-------- INPUT DATA
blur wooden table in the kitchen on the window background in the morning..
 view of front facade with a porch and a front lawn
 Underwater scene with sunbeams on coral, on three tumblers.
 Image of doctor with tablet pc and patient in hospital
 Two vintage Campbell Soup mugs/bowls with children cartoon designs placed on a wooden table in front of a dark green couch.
----------------
#### WHAT THE EXERCISE ASKS:
Each record above needs to be given again exactly as written.

#### TASK OUTPUT:
blur wooden table in the kitchen on the window background in the morning..
 view of front facade with a porch and a front lawn
 Underwater scene with sunbeams on coral, on three tumblers.
 Image of doctor with tablet pc and patient in hospital
 Two vintage Campbell Soup mugs/bowls with children cartoon designs placed on a wooden table in front of a dark green couch.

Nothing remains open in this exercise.